• [The task] Transcribe exactly, and only, the lines running from the one that contains "ALCHEMY GOTHIC Pendentif" through the last line of the material. No pictures.

------------------------------------------------------------------------

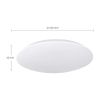LED stropní světlo odolné vůči vlhkosti WO822 - průměr 23 cm, bílá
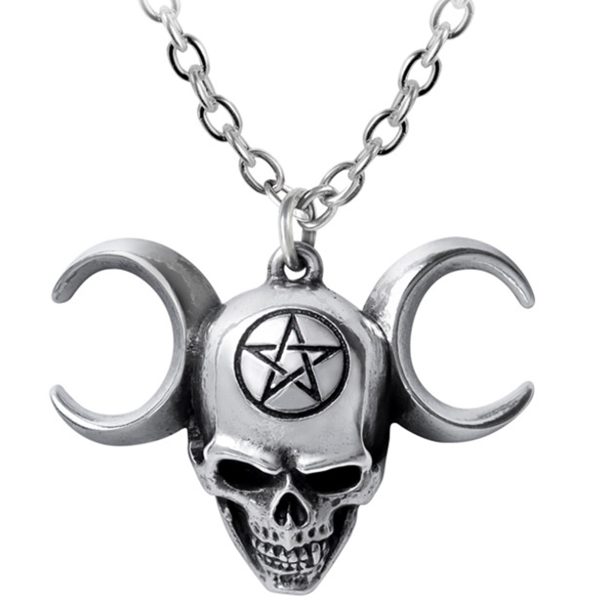 ALCHEMY GOTHIC Pendentif ‘Truinity Skull’ dernières 1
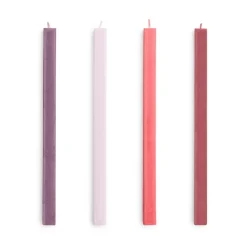 Square Candle light mix 4-pack, Reds-bordeaux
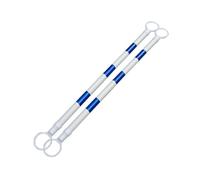 Barras Retráctiles Para Conos De Tráfico Poste De Conexión Telescópico Retráctil Barricada Cono Tráfico Buena Tenacidad Y Alta Resistencia (4 Pcs)(White and blue,2Pcs)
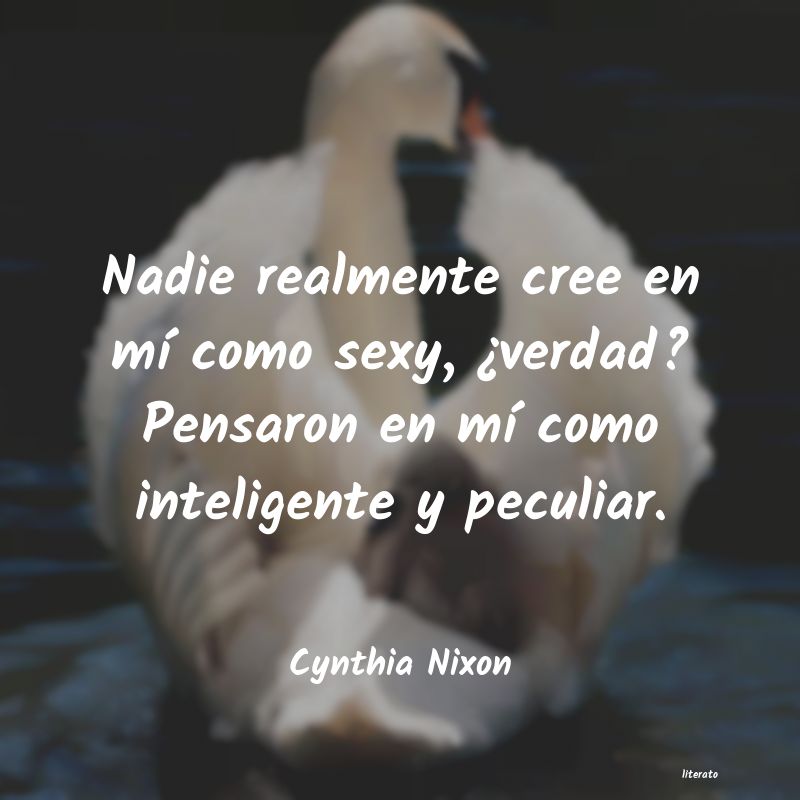 Frases de Cynthia Nixon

------------------------------------------------------------------------

• [Solution for this problem]
 ALCHEMY GOTHIC Pendentif ‘Truinity Skull’ dernières 1
 Square Candle light mix 4-pack, Reds-bordeaux
 Barras Retráctiles Para Conos De Tráfico Poste De Conexión Telescópico Retráctil Barricada Cono Tráfico Buena Tenacidad Y Alta Resistencia (4 Pcs)(White and blue,2Pcs)
 Frases de Cynthia Nixon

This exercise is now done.